# Essential oils



## sudsynewby (Mar 2, 2016)

What essential oils are necessary in your arsenal? If you could only pick ten, what would they be?


----------



## Seawolfe (Mar 3, 2016)

Lavender
Rosemary
Patchouli
Peppermint
Eucalyptus
Star Anise
Geranium rose
Litsea cubeba
10x orange or other citrus
Cedar

Edit to add: these also have the advantage of being some of the least expensive EO's


----------



## lsg (Mar 3, 2016)

Lavender 
Patchouli
Lemon
Orange
Peppermint
Eucalyptus
Grapefruit
Rosemary
Cedar
Litsea Cubeba

Thank goodness, there is really no limit.  I have so many more.


----------



## shunt2011 (Mar 3, 2016)

Lavender, Rosemary, Patchouli, Litsea Cubea, Lemongrass, Tea Tree, Orange, Eucalyptus, Peppermint


----------



## sudsynewby (Mar 3, 2016)

Thanks so much!!! I have a few, but I'm looking to expand my collection


----------



## Seawolfe (Mar 3, 2016)

Here are some links with ideas for blending that I have found useful:
https://s-media-cache-ak0.pinimg.com/originals/fb/bd/9b/fbbd9be1f3a6febc68f423a600c72e20.jpg
http://premeditatedleftovers.com/na...il-combinations-for-homemade-beauty-products/
http://soapteacher.blogspot.com/2010/10/suggested-essential-oil-blends-for-soap.html?m=1
http://joliechose.tripod.com/joliechosearomatherapy/id17.html


----------



## sudsynewby (Mar 4, 2016)

That's awesome! I will definitely be looking those over while I have a few days off this weekend!


----------



## diffuserexpert (Mar 8, 2016)

Lavender 
Patchouli
Lemon
Orange
Peppermint
Eucalyptus
Cedar
Litsea Cubeba
...etc
do you want more


----------



## Soapsavvy (Mar 8, 2016)

*Essential oil*

Can someone tell me where I can find Quince essential oil? I've searched everywhere with no success. It must be pretty costly to be this hard to locate!


----------



## lucyheart (Mar 16, 2016)

lsg said:


> Lavender
> Patchouli
> Lemon
> Orange
> ...



Like me...... Love lavender, lemon, peppermint the most


----------



## Steve85569 (Mar 16, 2016)

sudsynewby said:


> That's awesome! I will definitely be looking those over while I have a few days off this weekend!

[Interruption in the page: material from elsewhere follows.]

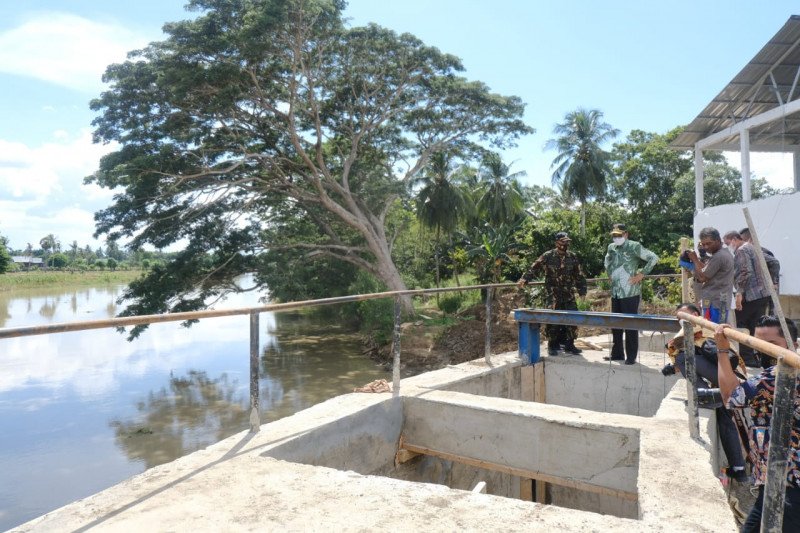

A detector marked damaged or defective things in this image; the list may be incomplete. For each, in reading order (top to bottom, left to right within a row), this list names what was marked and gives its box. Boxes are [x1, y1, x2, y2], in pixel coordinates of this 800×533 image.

rusty metal bar [680, 318, 700, 438]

Can you find pear EO? Quince were the parent tree to pears.


----------



## cmzaha (Mar 17, 2016)

Patchouli
Litsea
Tea Tree
Lavender
Cedarwood
Lime (acid)
Rosemary
Eucalyptus
Lemongrass
Peppermint


----------



## SuzieOz (Mar 17, 2016)

lemongrass
peppermint
spearmint
lavender
rosemary
tea tree
rose geranium
orange
patchouli
star anise

Looks like many of us love the same scents!


----------



## Spice (Mar 25, 2016)

Seawolfe said:


> Here are some links with ideas for blending that I have found useful:
> https://s-media-cache-ak0.pinimg.com/originals/fb/bd/9b/fbbd9be1f3a6febc68f423a600c72e20.jpg
> http://premeditatedleftovers.com/na...il-combinations-for-homemade-beauty-products/
> http://soapteacher.blogspot.com/2010/10/suggested-essential-oil-blends-for-soap.html?m=1
> http://joliechose.tripod.com/joliechosearomatherapy/id17.html


I was browsing at one of your links, and it dawn on me that Lemongrass is a top note. I thought top notes have weak lasting  scents, however my lemongrass last forever. Maybe not forever, but a long time...like months (many).


----------



## calimess (Apr 24, 2016)

Lavender
Lemon
Rosemary
Geranium
Thyme
Clary sage
Cedarwood


----------



## TheDragonGirl (Apr 24, 2016)

lemongrass
peppermint
eucalyptus
rosemary
patchouli
ylang ylang
dalmation sage
cedarwood
cinnamon leaf
orange x10

With special mention to anise teatree and lavender


----------



## alsabaak (Apr 30, 2016)

thank you for this subject.


----------



## lenarenee (Apr 30, 2016)

.......and frankincense.


----------



## Kamahido (Apr 30, 2016)

Lavender and Orange for me.


----------



## TeresaT (May 1, 2016)

Pink Grapefruit, Citronella, Spearmint, Clove, Rosemary, Lemongrass, Tangerine, Orange, Lavender, Chamomile 

ETA: Honorable mentions go to Lemon, Tea Tree and Peppermint


----------



## raingarden (Jul 26, 2016)

Do you make CP soap with Peppermint EO?


----------



## dixiedragon (Jul 26, 2016)

raingarden said:


> Do you make CP soap with Peppermint EO?


 
Yes. I use peppermint EO in lots of things. The EO is cheap - on par with most fragrance oils. I use it in EO - it behaves well and sticks well. I also use it in lip balm.


----------



## SuzieOz (Jul 28, 2016)

I've just discovered Tangerine EO ... ohhhhhh so gorgeous ... I put it in hand cream and body cream.


----------



## raingarden (Jul 30, 2016)

Thanks DIXIEDRAGON!


----------



## TeresaT (Jul 30, 2016)

SuzieOz said:


> I've just discovered Tangerine EO ... ohhhhhh so gorgeous ... I put it in hand cream and body cream.


One of my favs.


----------



## mrsmackinnon (Apr 16, 2017)

Lavender
Eucalyptus
Tea tree
Orange
Lemon
Frankensence
Sage
Cedar wood
Cinnamon 
Peppermint


----------



## anshika154 (Jun 2, 2017)

Lavender, Rosemary, grape fruit, tea tree oil, EUCALYPTUS, lemon, peppermint ,cinnamon, oregano


----------



## duckinatub (Jun 2, 2017)

Even though it is an expensive oil, I would add Ylang Ylang... It blends very well with Lavender, Orange...


----------